Re: Addressing....

> David Durand manipulated electrons to produce:
> My proposal would require, at a minimum, an XML processor capable of
> parsing a well-formed instance, creating a tree from it, and then
> traversing/querying the tree. This could easily be done as a CGI
> script, and I think that writing the software required to do this
> would add very little to the cost of implementing an XML processor. I
> could certainly write it in 2 weeks, from scratch, in C/C++/Java.

Writing it is easy. Getting it installed on the Web servers of the world
is a bigger hassle. Right now we much encourage browser writers to embed
XML and authors to use it. We can perhaps cut out the browser vendors if we 
ship XML viewers as applets. Throwing system administrators into the mix 
turns it into a big chicken and egg problem. Netcom, Compuserve or MindSpring
won't install a CGI unless many users ask for it. Many users won't ask for 
it unless they have seen it on the web before and think it is neat.

It also takes us out of the language design business into the protocol 
design business. I think that "SGML people" should be in the protocol design
business, but not necessarily *this group of SGML people right now.

> I object strenously to *requiring* that an entity be retrieved in it's
> entirety in order to transclude a single element. Points to remember:
> 
>   1) You are talking about special code in the client, which would be
>      easily comparable to the complexity of the code in a server.

Sure, but it isn't the code complexity that is the problem: it is the politics
of getting it installed.

>   2) Any instance/entity that is small enough to be transmitted across
>      the internet, will not incur a great parse/traversal overhead on
>      the server: certainly no greater than that required on the client
>      side. 

But most clients are Pentium 100s spinning their wheels.

>   3) With most relative addressing schemes, only a given entity needs
>      to be parsed, not the entire document.

I guess that's true now that we've got rid of exceptions. What a relief!! Note,
though, that we are discussing adding in features that would have "document
scope" such as defaulted attributes based on the first occurance.

>   4) With the scheme I proposed, each URL is unique, and so can be
>      cached effectively by caching proxies.

It could work the other way: retrieving an entire entity (and caching it) may
often be faster if the user is often going to want many elements from that
entity. (for instance footnotes)

>   5) The only scaleable solution is to do it server-side, or as
>      distributed objects (basically the same thing, just different
>      protocol and resolution mechanism).

That's debatable. I tend to agree that this is the only elegant scalable 
solution. Requiring authors or servers to break up their documents into small
entities is an inelegant scalable solution. Negotiating the "entity resolution
service" when available is probably the best compromise.

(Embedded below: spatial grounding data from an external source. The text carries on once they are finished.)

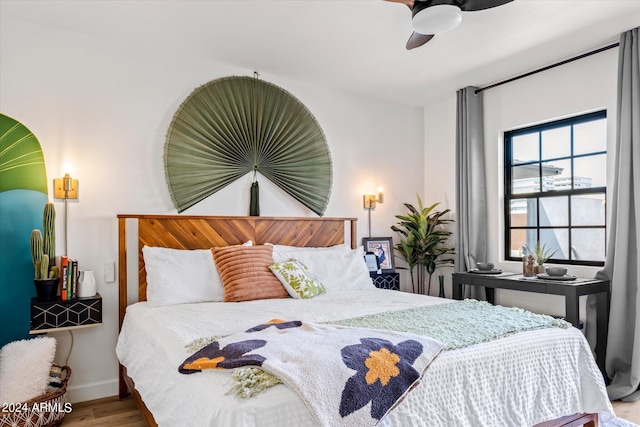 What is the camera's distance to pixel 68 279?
2.81 m

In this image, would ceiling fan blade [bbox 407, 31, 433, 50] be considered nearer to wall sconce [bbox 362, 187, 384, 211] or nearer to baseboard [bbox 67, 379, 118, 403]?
wall sconce [bbox 362, 187, 384, 211]

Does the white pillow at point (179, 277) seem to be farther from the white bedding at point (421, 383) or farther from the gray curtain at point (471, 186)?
the gray curtain at point (471, 186)

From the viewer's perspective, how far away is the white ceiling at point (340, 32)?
272cm

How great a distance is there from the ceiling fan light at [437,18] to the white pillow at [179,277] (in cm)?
206

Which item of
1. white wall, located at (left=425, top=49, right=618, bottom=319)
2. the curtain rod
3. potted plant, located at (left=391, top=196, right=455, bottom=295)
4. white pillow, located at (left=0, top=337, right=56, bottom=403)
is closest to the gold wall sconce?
white pillow, located at (left=0, top=337, right=56, bottom=403)

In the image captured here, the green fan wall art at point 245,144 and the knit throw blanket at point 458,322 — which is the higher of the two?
the green fan wall art at point 245,144

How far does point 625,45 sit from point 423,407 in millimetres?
3027

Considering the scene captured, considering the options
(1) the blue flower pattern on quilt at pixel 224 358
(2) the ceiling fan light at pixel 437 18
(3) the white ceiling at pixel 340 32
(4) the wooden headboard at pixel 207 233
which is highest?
(3) the white ceiling at pixel 340 32

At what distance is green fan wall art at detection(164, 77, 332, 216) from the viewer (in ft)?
11.3

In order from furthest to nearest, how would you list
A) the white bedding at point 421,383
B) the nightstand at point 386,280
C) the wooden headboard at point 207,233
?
the nightstand at point 386,280 → the wooden headboard at point 207,233 → the white bedding at point 421,383

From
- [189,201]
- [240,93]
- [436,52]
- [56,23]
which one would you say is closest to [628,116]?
[436,52]

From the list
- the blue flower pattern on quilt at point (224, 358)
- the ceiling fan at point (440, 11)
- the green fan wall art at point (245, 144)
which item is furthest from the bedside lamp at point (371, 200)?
the blue flower pattern on quilt at point (224, 358)

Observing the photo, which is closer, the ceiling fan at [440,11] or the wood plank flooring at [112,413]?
the ceiling fan at [440,11]

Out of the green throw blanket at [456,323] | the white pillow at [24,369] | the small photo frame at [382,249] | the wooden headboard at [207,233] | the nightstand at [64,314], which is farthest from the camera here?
the small photo frame at [382,249] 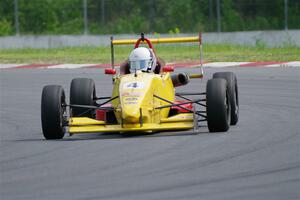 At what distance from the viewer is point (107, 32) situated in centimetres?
3694

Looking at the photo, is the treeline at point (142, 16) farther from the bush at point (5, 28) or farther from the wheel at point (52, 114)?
the wheel at point (52, 114)

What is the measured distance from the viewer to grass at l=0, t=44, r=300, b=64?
27828 millimetres

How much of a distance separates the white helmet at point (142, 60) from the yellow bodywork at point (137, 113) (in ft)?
1.49

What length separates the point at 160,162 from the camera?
435 inches

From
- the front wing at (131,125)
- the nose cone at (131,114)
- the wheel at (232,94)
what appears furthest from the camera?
the wheel at (232,94)

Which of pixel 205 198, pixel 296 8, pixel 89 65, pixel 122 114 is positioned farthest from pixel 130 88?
pixel 296 8

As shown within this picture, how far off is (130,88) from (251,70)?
36.5ft

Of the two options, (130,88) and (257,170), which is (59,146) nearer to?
(130,88)

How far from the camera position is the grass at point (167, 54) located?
2783 centimetres

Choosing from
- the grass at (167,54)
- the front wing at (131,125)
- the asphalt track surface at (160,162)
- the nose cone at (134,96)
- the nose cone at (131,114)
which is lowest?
the asphalt track surface at (160,162)

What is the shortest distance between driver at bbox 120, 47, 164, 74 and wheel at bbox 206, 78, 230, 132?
124cm

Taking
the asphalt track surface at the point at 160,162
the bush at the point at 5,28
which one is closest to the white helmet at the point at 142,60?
the asphalt track surface at the point at 160,162

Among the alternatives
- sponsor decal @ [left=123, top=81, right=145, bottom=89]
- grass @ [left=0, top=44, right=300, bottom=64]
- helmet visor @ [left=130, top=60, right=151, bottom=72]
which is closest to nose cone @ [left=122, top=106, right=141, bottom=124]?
sponsor decal @ [left=123, top=81, right=145, bottom=89]

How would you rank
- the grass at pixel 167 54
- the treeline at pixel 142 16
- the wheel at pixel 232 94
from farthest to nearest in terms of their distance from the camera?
the treeline at pixel 142 16 → the grass at pixel 167 54 → the wheel at pixel 232 94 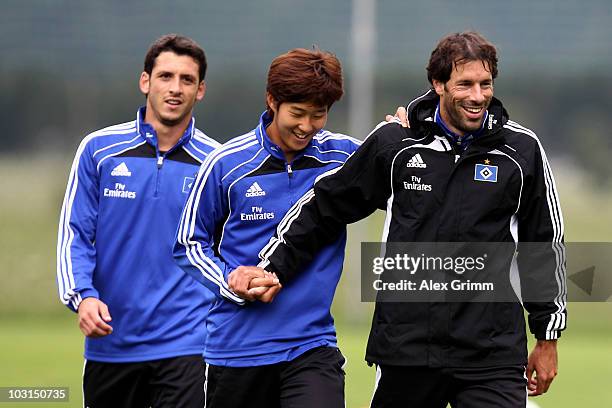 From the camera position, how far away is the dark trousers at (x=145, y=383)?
18.3 feet

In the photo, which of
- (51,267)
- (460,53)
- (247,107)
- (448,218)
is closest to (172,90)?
(460,53)

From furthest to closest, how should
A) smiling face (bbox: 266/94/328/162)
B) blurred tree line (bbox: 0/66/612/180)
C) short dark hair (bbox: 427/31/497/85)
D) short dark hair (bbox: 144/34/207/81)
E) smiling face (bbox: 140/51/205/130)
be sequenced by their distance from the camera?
blurred tree line (bbox: 0/66/612/180) < short dark hair (bbox: 144/34/207/81) < smiling face (bbox: 140/51/205/130) < smiling face (bbox: 266/94/328/162) < short dark hair (bbox: 427/31/497/85)

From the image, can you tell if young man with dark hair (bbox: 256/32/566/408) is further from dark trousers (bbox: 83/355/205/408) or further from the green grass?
the green grass

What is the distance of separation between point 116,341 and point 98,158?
0.87 metres

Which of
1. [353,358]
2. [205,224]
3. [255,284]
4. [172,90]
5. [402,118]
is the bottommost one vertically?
[353,358]

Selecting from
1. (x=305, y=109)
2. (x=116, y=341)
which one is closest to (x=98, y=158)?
(x=116, y=341)

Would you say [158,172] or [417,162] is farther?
[158,172]

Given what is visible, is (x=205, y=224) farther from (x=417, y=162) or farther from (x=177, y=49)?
(x=177, y=49)

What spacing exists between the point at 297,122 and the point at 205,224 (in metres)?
0.59

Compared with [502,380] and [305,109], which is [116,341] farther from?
[502,380]

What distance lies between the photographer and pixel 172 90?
19.3ft

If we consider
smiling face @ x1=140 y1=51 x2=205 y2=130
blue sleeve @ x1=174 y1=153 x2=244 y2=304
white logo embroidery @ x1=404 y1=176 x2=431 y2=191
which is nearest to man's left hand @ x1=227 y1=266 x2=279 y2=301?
blue sleeve @ x1=174 y1=153 x2=244 y2=304

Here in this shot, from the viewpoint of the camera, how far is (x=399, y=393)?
482 cm

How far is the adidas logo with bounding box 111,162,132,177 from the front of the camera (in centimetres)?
573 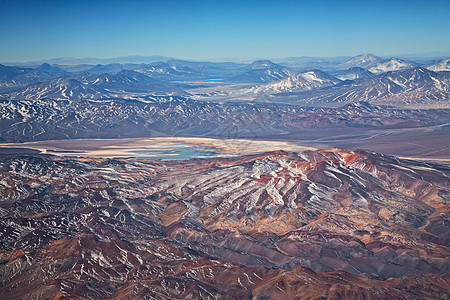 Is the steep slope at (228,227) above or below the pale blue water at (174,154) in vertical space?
above

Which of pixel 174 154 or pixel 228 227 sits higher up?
pixel 228 227

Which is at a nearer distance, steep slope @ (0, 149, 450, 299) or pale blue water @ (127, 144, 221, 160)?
steep slope @ (0, 149, 450, 299)

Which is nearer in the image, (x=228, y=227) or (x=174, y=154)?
(x=228, y=227)

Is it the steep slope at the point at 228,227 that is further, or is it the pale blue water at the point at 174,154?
the pale blue water at the point at 174,154

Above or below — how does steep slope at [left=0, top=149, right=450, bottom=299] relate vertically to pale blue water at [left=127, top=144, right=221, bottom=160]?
above

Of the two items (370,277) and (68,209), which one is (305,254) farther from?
(68,209)

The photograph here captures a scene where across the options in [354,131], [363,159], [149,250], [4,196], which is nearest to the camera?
[149,250]

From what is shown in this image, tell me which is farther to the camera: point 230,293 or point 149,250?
point 149,250

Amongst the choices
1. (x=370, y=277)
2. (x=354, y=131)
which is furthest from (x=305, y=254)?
(x=354, y=131)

>   6) The mechanism I propose is easily applicable to domains other
>      than XML.

Agreed. That's why I think that maybe we are not the group to do it.

> I do not object to fragment specifiers, but this argument is
> specious. You could just as easily say that a client could recognise
> that it could retrieve the entire entity, and then walk it's own parse
> tree based on the URL's I propose.

I don't think the client is allowed to play around with the section of the
URL preceding the "#" that much.

Anyhow, there are other reasons for making the special server *optional*.
The #-translated system that was proposed scales from a simple smart-client
system to a smart-client, smart-server system.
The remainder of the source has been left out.